Exercise: Could you return all of the entries below exactly, minus the pictures?

Image-text web data:
☆ ☆ ☆

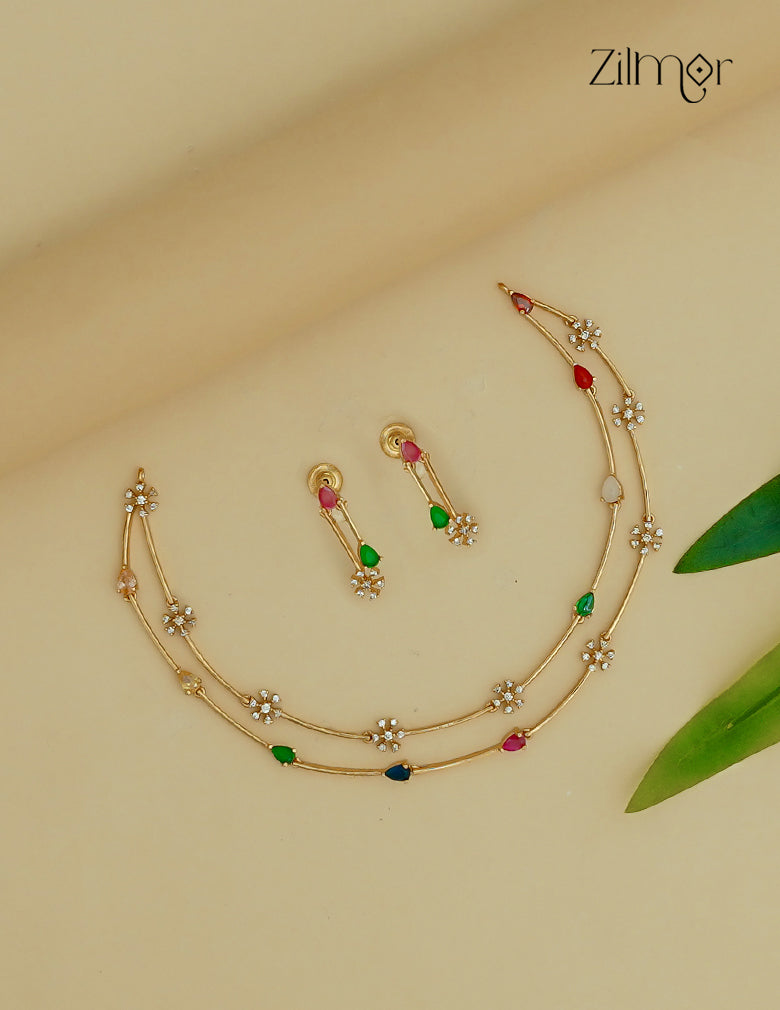 AD Stone Necklace  Earring Set (color option)-SN1012029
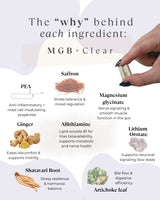 MGB+ Clear ingredients - lipid-soluble B1, magnesium glycinate, and targeted actives
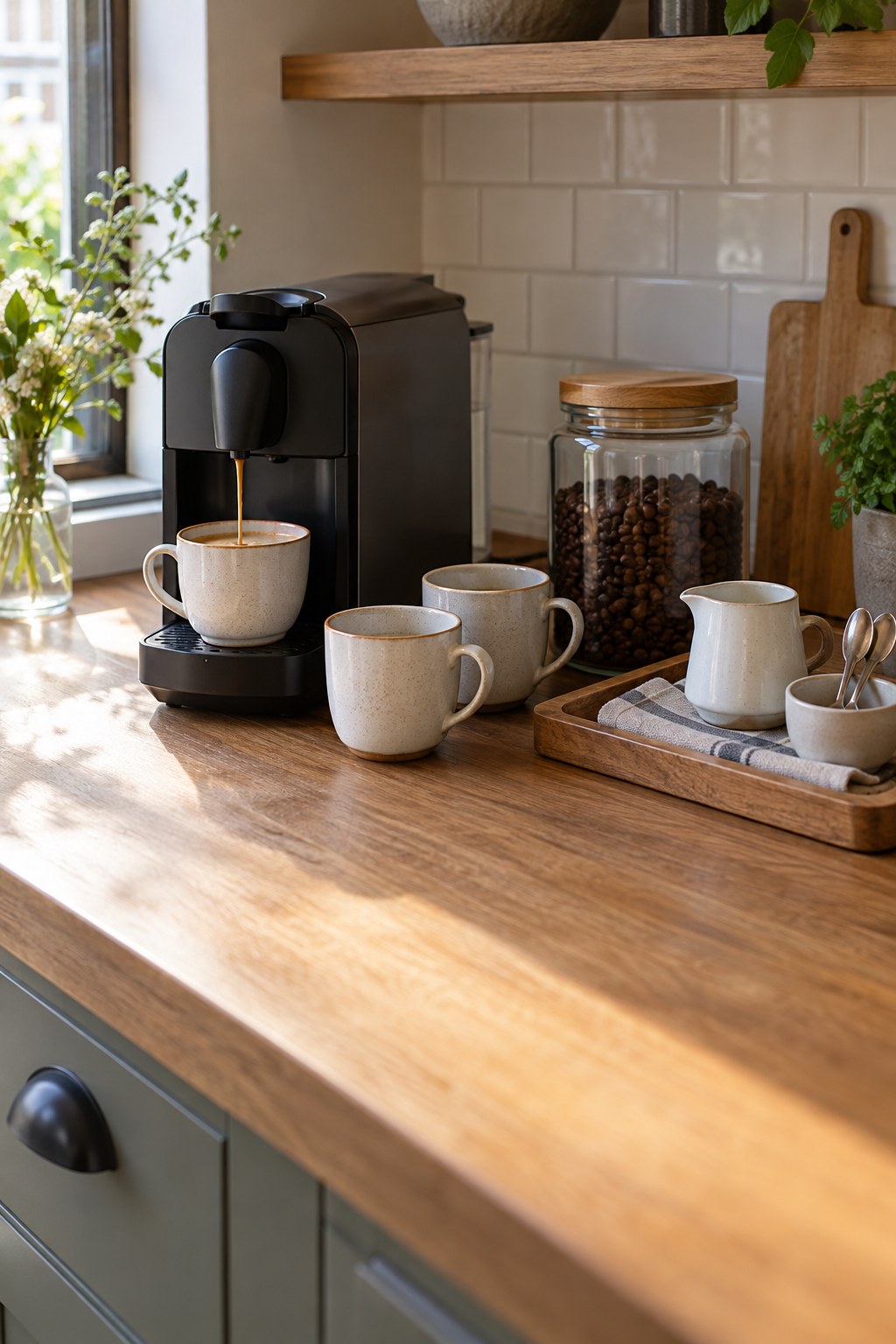 Coffee machine, cups and a serving tray on a home counter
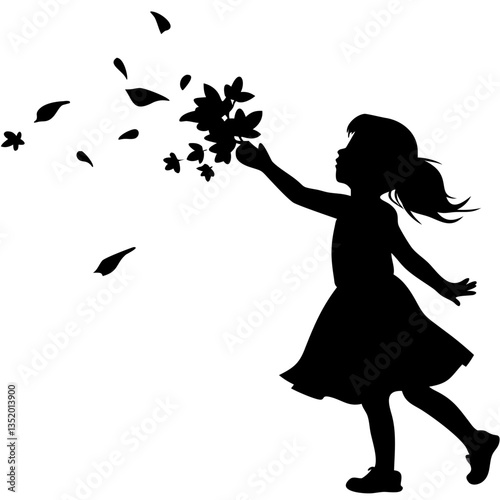 Silhouette of Girl Releasing Flowers in the Wind for Art and Design Projects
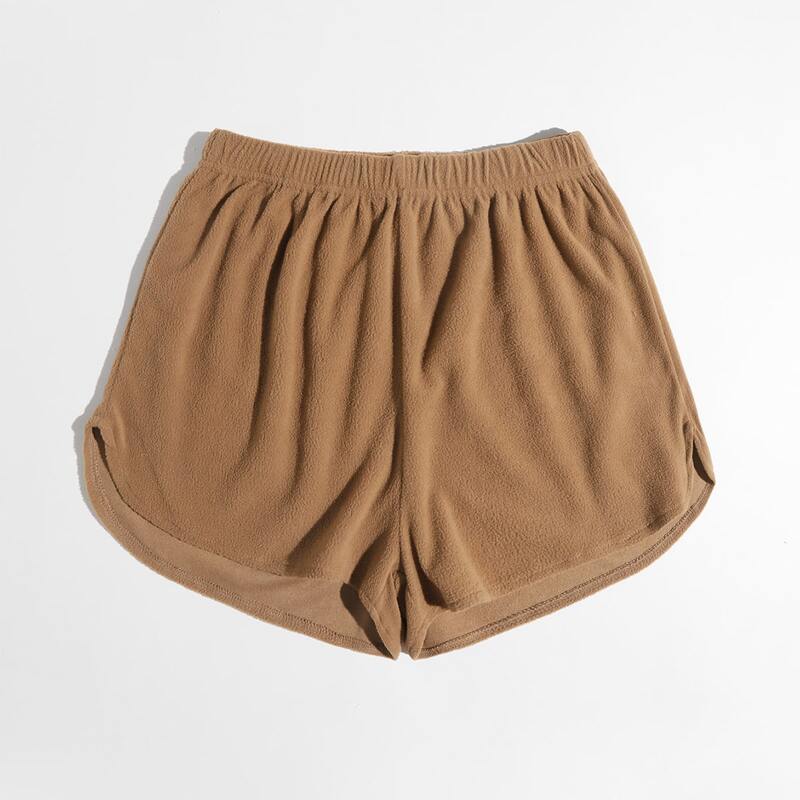 

Solid Teddy Shorts, Coffee brown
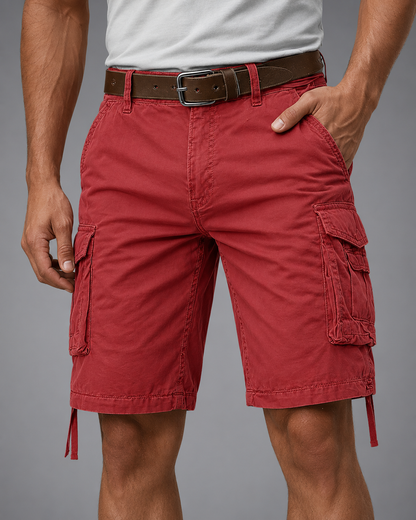 Men's Lightweight Polyester Cargo Shorts | Relaxed Fit Multi-Pocket Summer Shorts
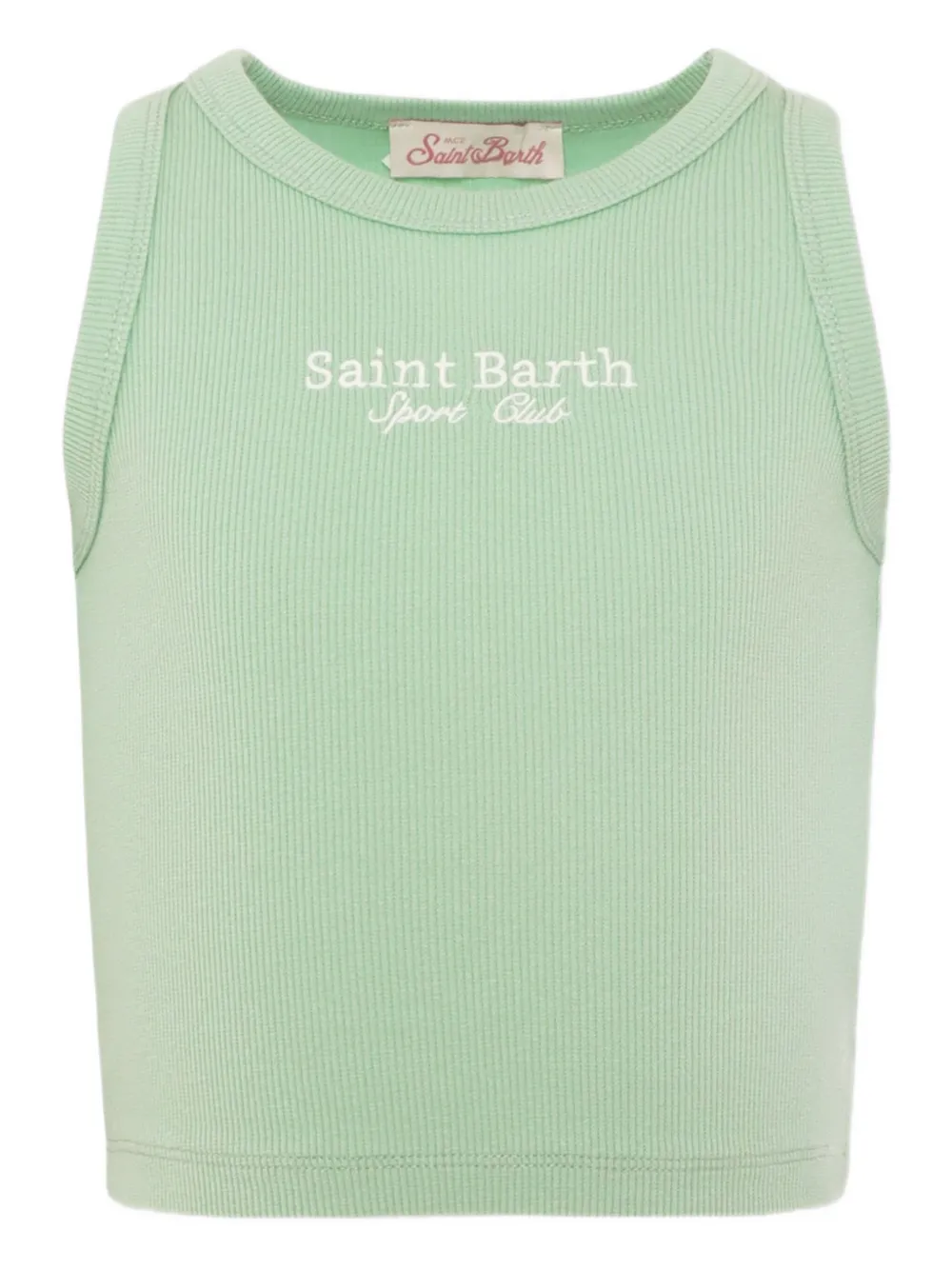 MC2 Saint Barth Kids Ribgebreide tanktop Groen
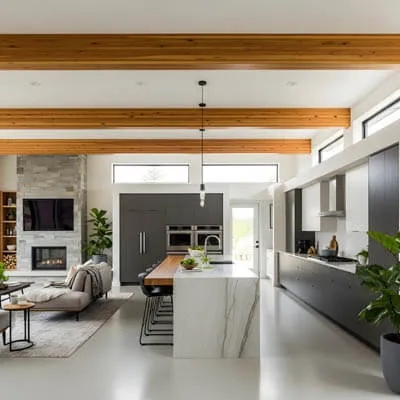Exposed beams in a interior of a house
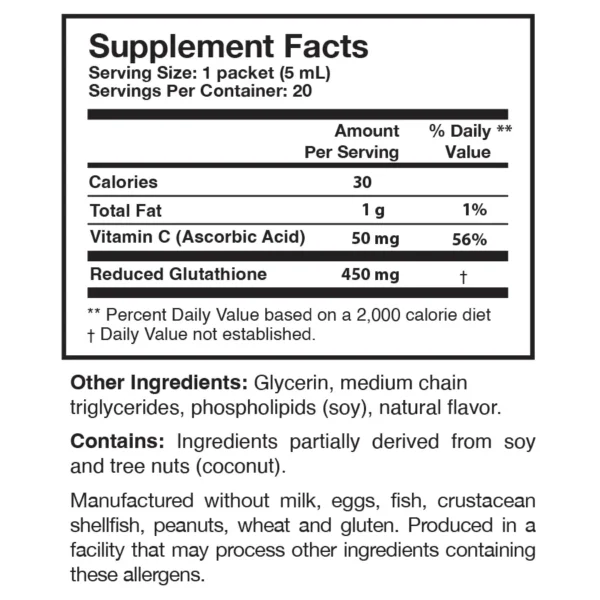 Tri-Fortify Liposomal Glutathione supplement facts. Contains 450mg of reduced glutathione
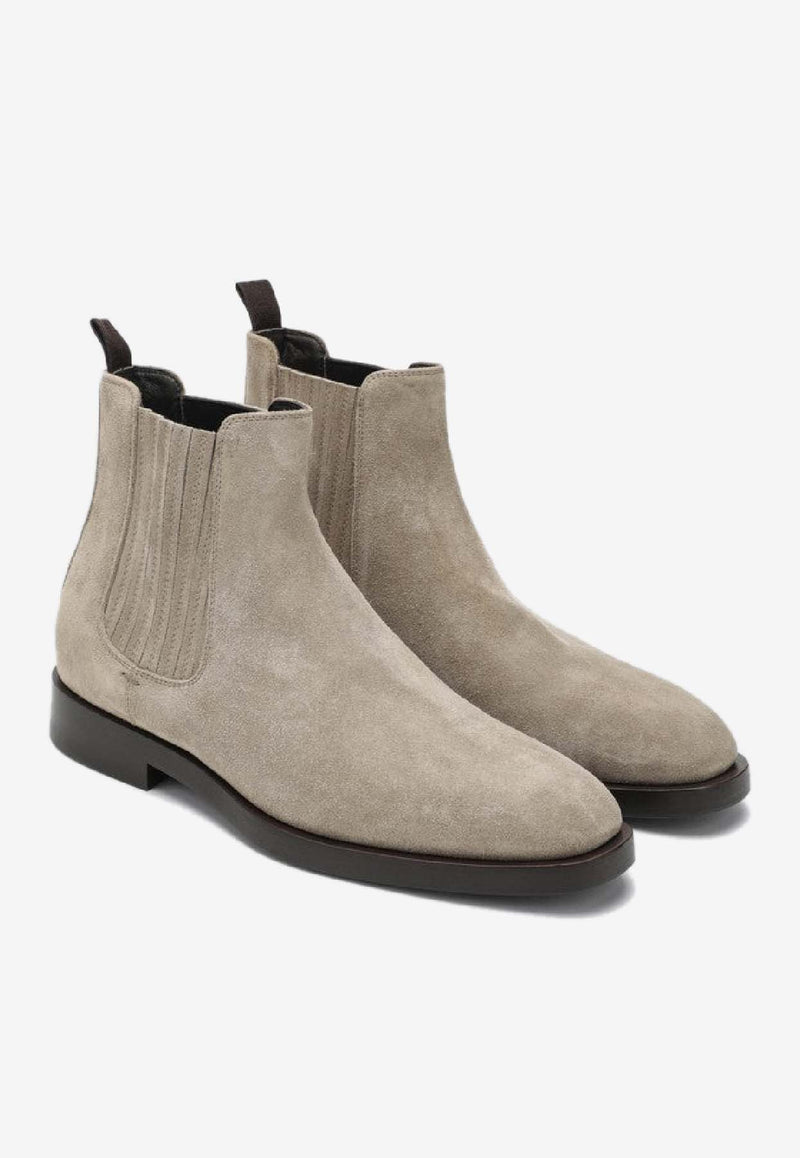 Brunello Cucinelli Suede Chelsea Boots Beige MZUPEAV715LE/R_CUCIN-C6761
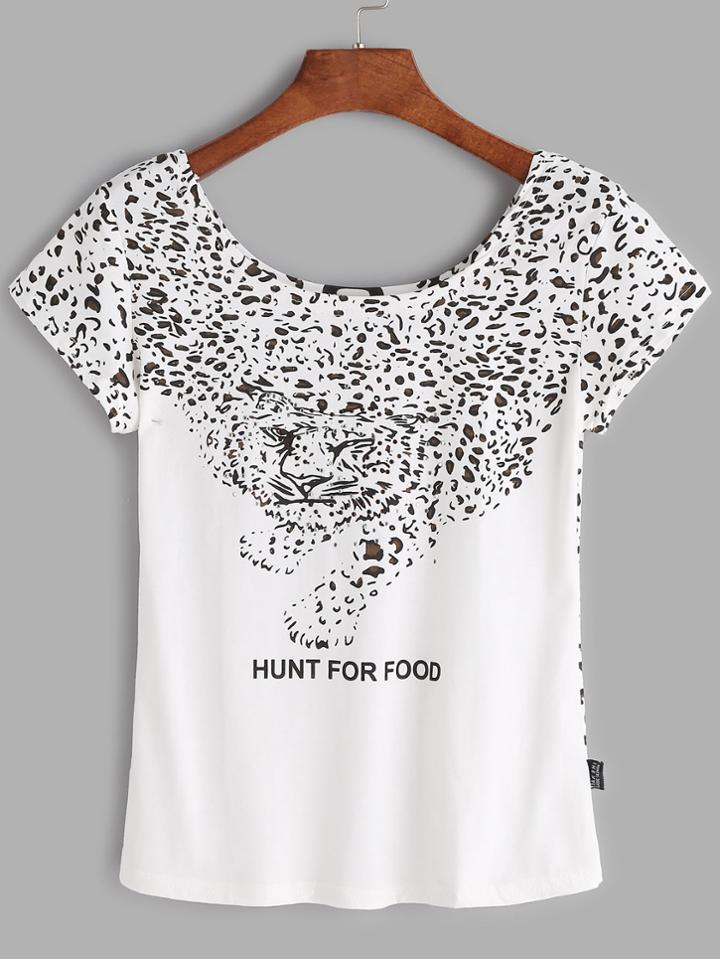 Romwe White Leopard And Letter Print T-shirt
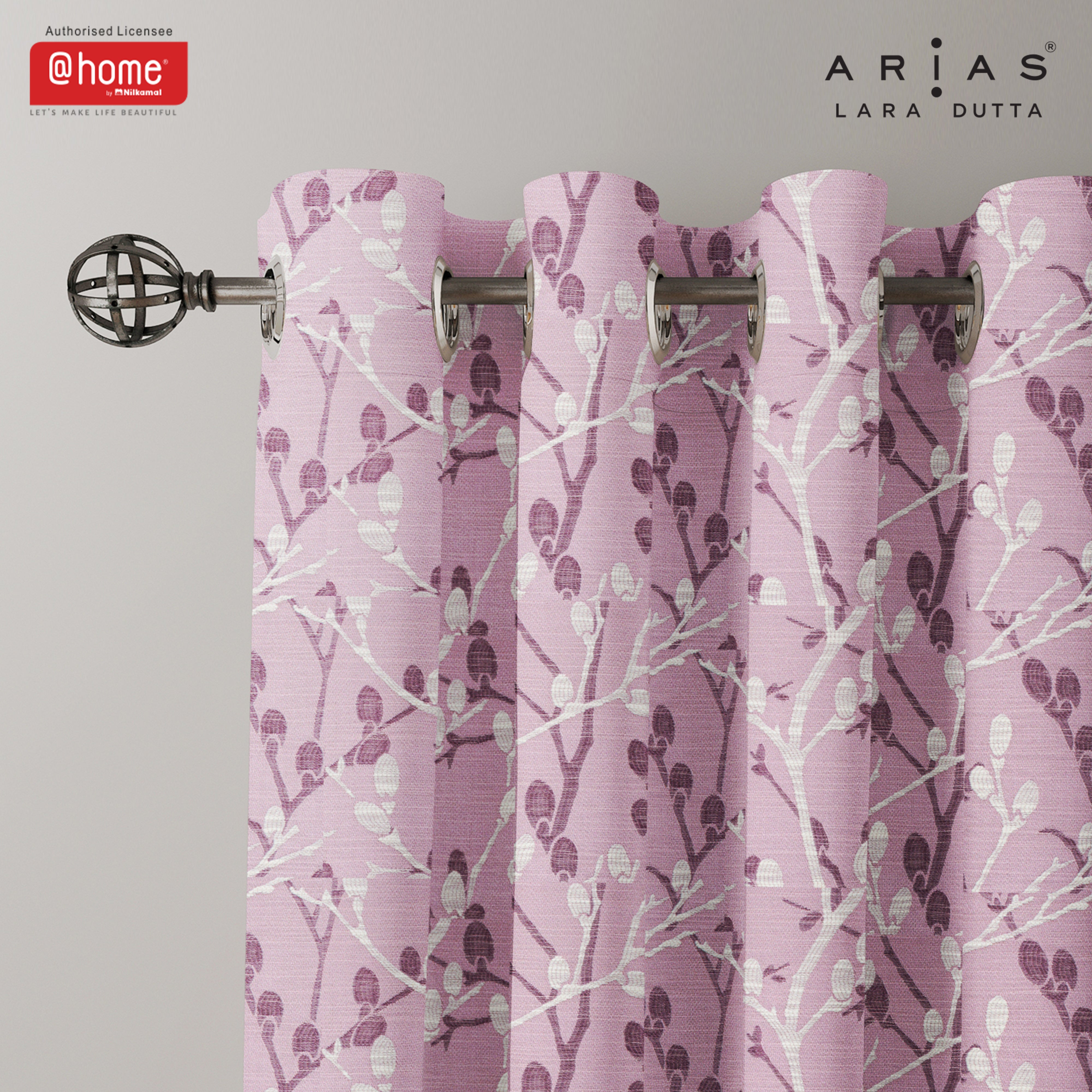Arias Luxuria Jacquard Floral 5 Ft Polyester Window Curtain Set of 2 (Onion)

☆ ☆ ☆

Task result:
 AD Stone Necklace  Earring Set (color option)-SN1012029
 MGB+ Clear ingredients - lipid-soluble B1, magnesium glycinate, and targeted actives
 Coffee machine, cups and a serving tray on a home counter
 Silhouette of Girl Releasing Flowers in the Wind for Art and Design Projects

Solid Teddy Shorts, Coffee brown
 Men's Lightweight Polyester Cargo Shorts | Relaxed Fit Multi-Pocket Summer Shorts
 MC2 Saint Barth Kids Ribgebreide tanktop Groen
Exposed beams in a interior of a house
 Tri-Fortify Liposomal Glutathione supplement facts. Contains 450mg of reduced glutathione
 Brunello Cucinelli Suede Chelsea Boots Beige MZUPEAV715LE/R_CUCIN-C6761
 Romwe White Leopard And Letter Print T-shirt
Arias Luxuria Jacquard Floral 5 Ft Polyester Window Curtain Set of 2 (Onion)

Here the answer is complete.